In the train function of the caret package it is possible to perform centering and scaling of predictors as in the following example:

knnFit <- train(Direction ~ ., data = training, method = "knn",
                preProcess = c("center","scale"))

Setting this transformation in train should give a better evaluation of the performance of the algorithm during resampling.

In this case when I use the model to predict the response for new data should I care about centering and scaling or this operation is included in the final model?

Is the following operation sufficient?

pred <- predict(knnFit, newdata = test)

Thanks!

Roman Luštrik
  • 69,533
  • 24
  • 154
  • 197
amarchin
  • 2,044
  • 1
  • 16
  • 32
  • No, previously you should center and scaling. http://stackoverflow.com/questions/15468866/scaling-a-numeric-matrix-in-r-with-values-0-to-1 and http://stackoverflow.com/questions/15215457/standardize-data-columns-in-r – PereG Jan 07 '16 at 12:33

1 Answers1

8

preProces specified in the train object will be applied to the new data without preprocessing the new data first.
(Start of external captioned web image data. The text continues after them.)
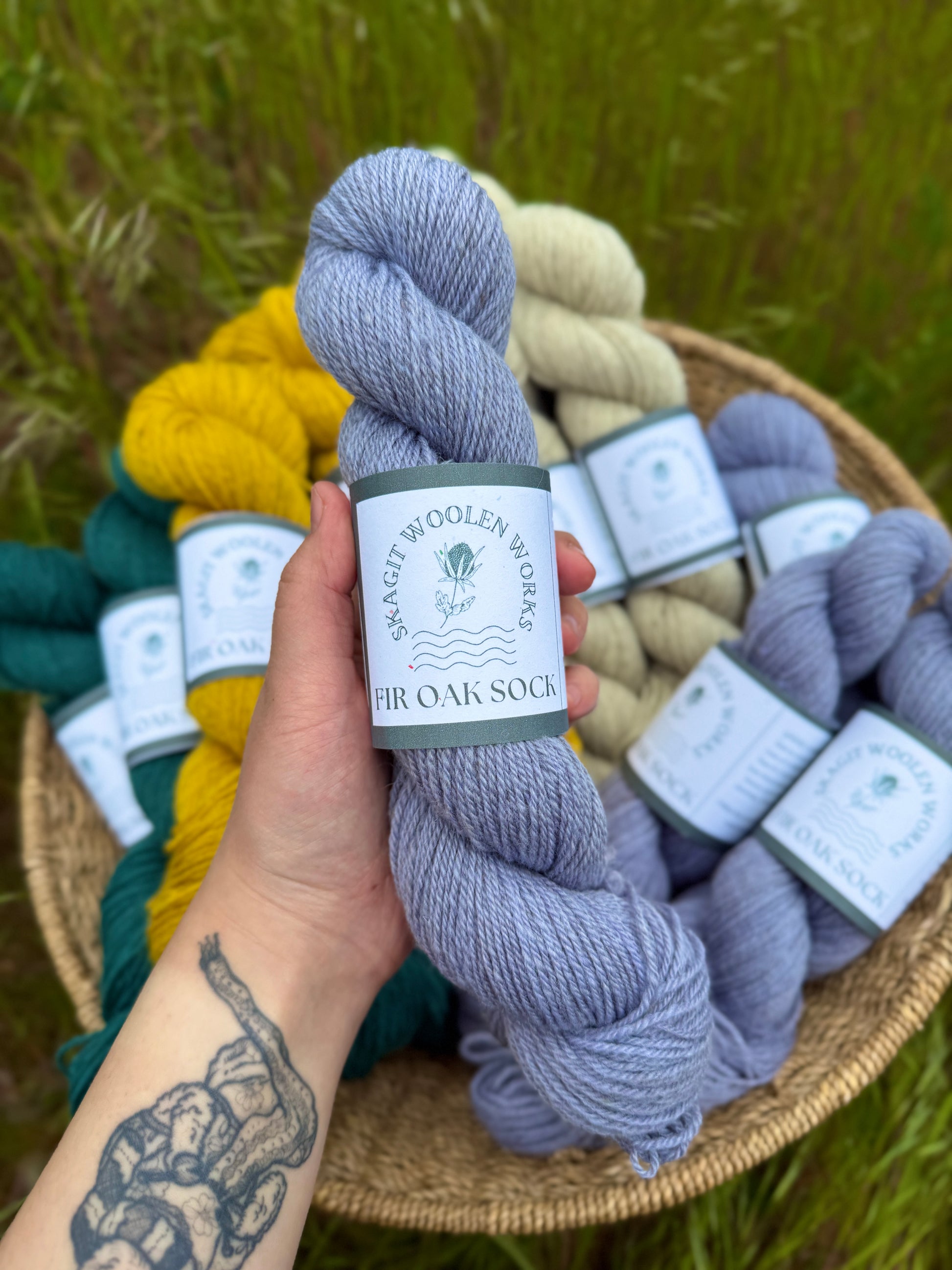 Hand holding a skein of a soft periwinkle  dyed  Romney x Suffolk sock yarn.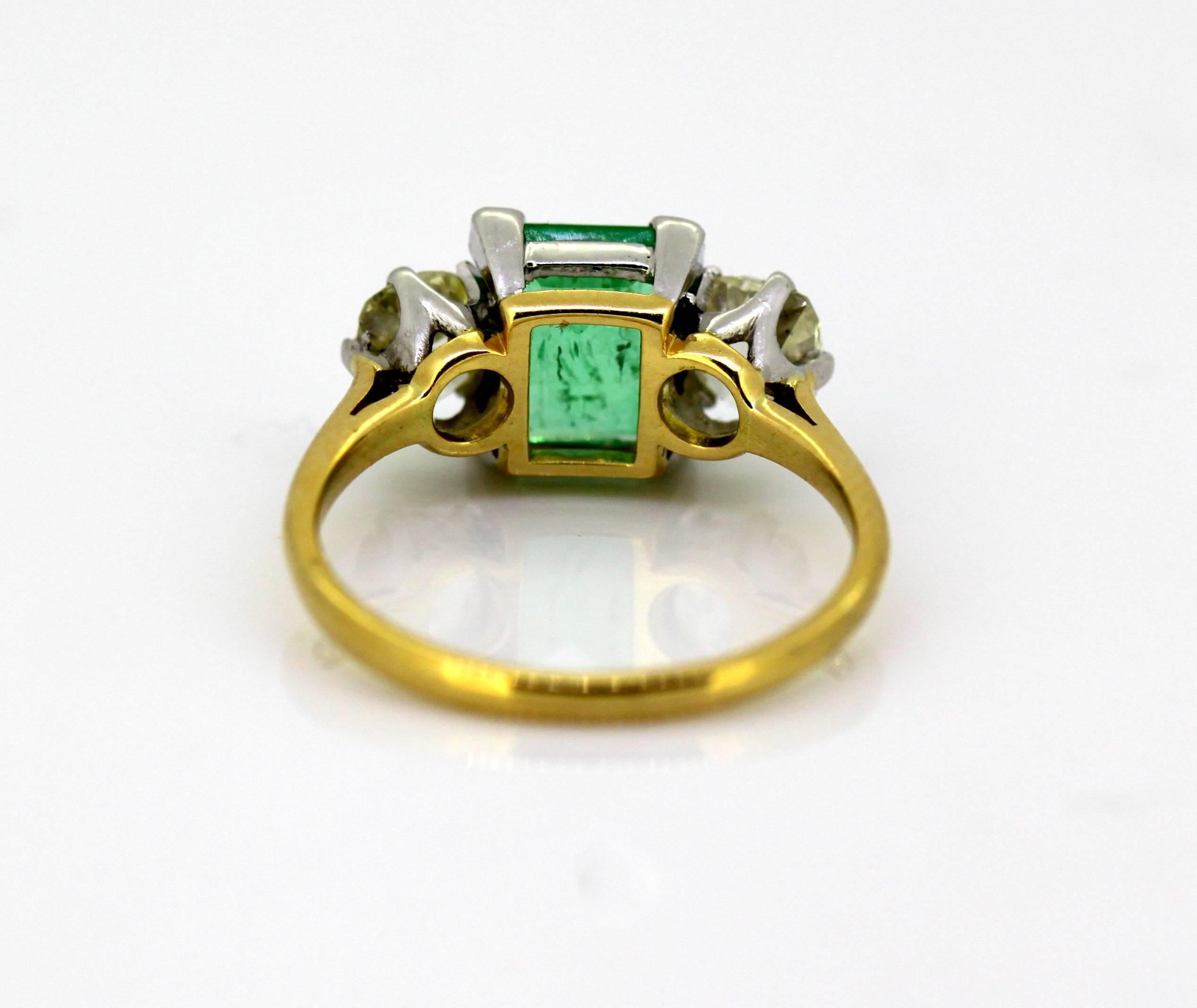Women's Art Deco 18 Karat Gold Three-Stone Ladies Ring with Emerald and Diamonds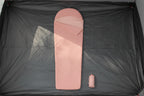 Pink sleeping bag with a matching carrying bag on a tent floor background - offered by the best camping gear store in New York, The Adirondack Tool Co.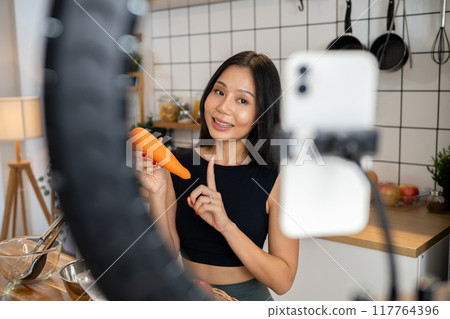 An attractive Asian female food blogger is cooking in front of the camera, recording in her kitchen. An attractive Asian female food blogger is cooking in front of the camera, recording in her kitchen. 117764396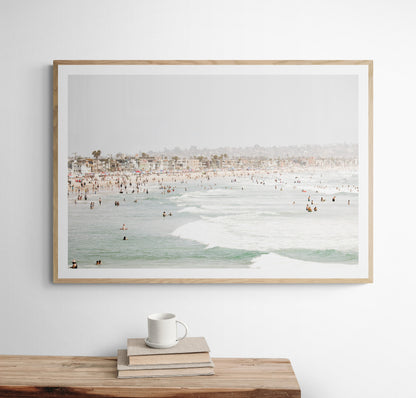 Landscape beach photography of a busy San Diego public beach with many people in the sand and ocean waves, a true summer vibes scene. Photograph in minimalist mock up.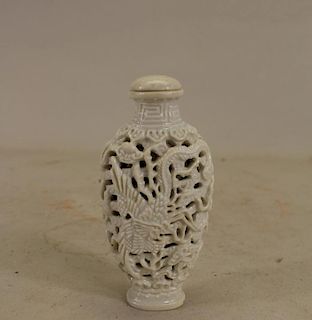 Chinese Reticulated Porcelain Dragon Snuff Bottle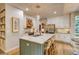 Bright kitchen with a large island with seating, stainless steel appliances, and white cabinetry at 8229 Cottongrass Ct, Castle Pines, CO 80108
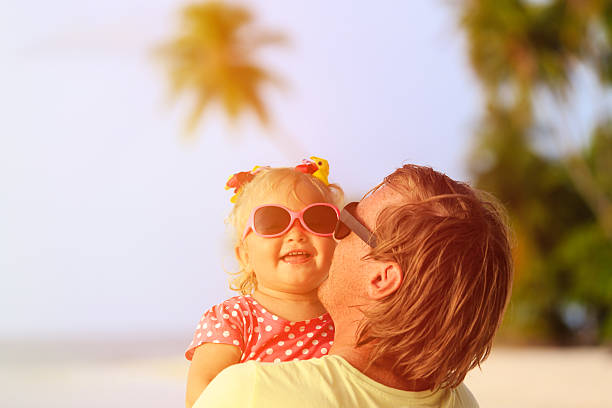 istock Happy father and cute little daughter at beach 482428182
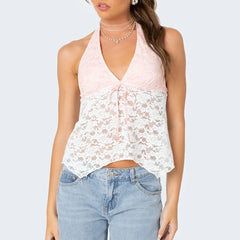 Woman wearing a pink halter top with floral lace overlay and blue jeans 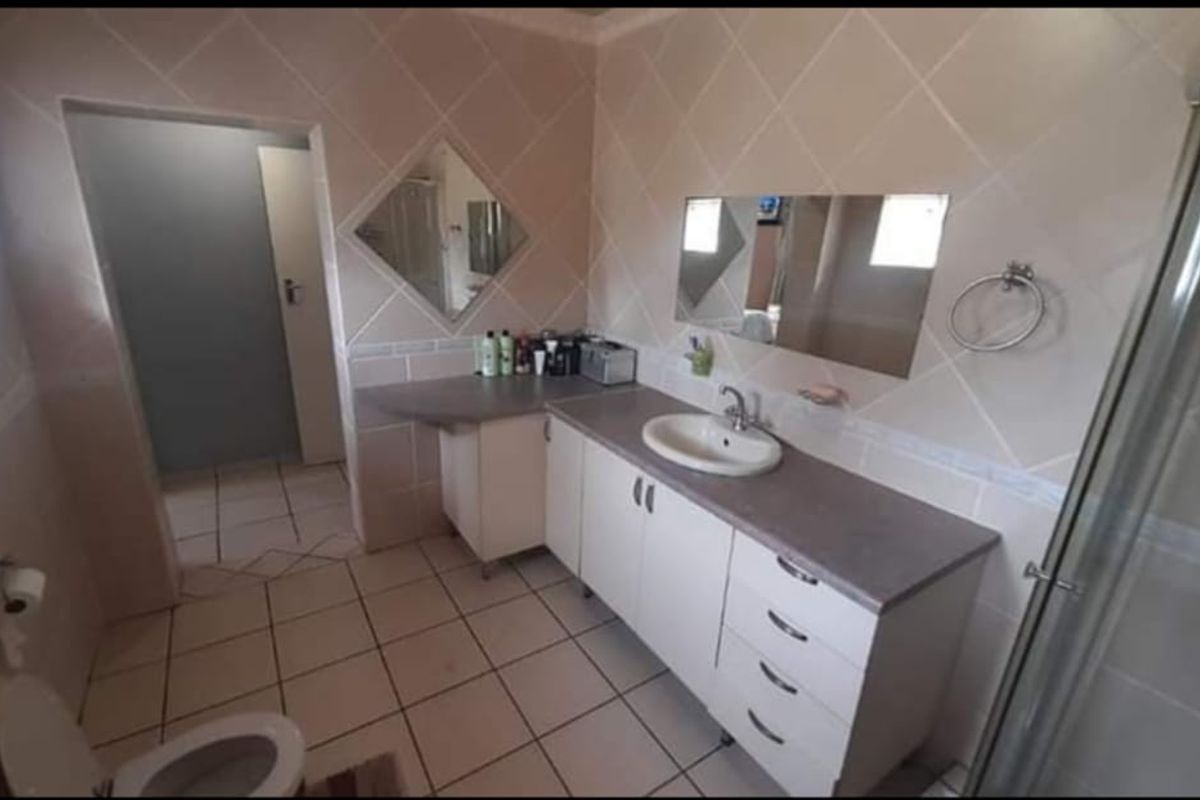 A functional bathroom featuring a built-in vanity with integrated basin, shower enclosure, and tiled walls and flooring.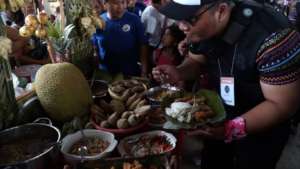 A delegate enjoying the lunch with the community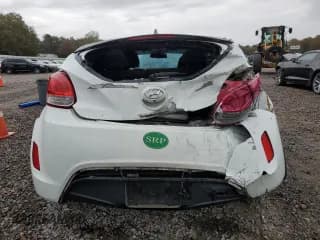 ✅ 2016 Hyundai Veloster • VIN: KMHTC6ADXGU278816 • Lot: 76687833. Wystawiony na Copart z przebiegiem 80 242 mil. Bezpłatny archiwum sprzedaży aukcyjnych z USA i szczegółowy raport historii pojazdu na DreamBid. Zdjęcie 6.
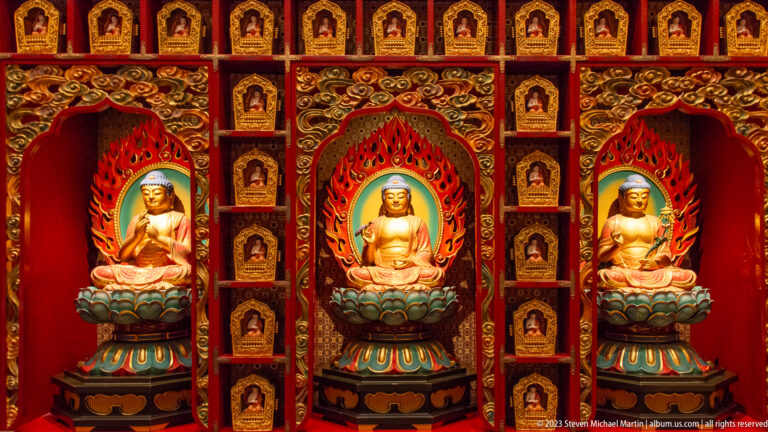 Three seated golden Buddhas in red niches surrounded by rows of miniature Buddha images.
So your operation is sufficient.

Also have a look at the extract from the caret website below. There is also a whole section purely about preprocessing. Definitely worth your time reading through it.

You can find the caret website here.

These processing steps would be applied during any predictions generated using predict.train, extractPrediction or extractProbs (see details later in this document). The pre-processing would not be applied to predictions that directly use the object$finalModel object.

phiver
  • 23,048
  • 14
  • 44
  • 56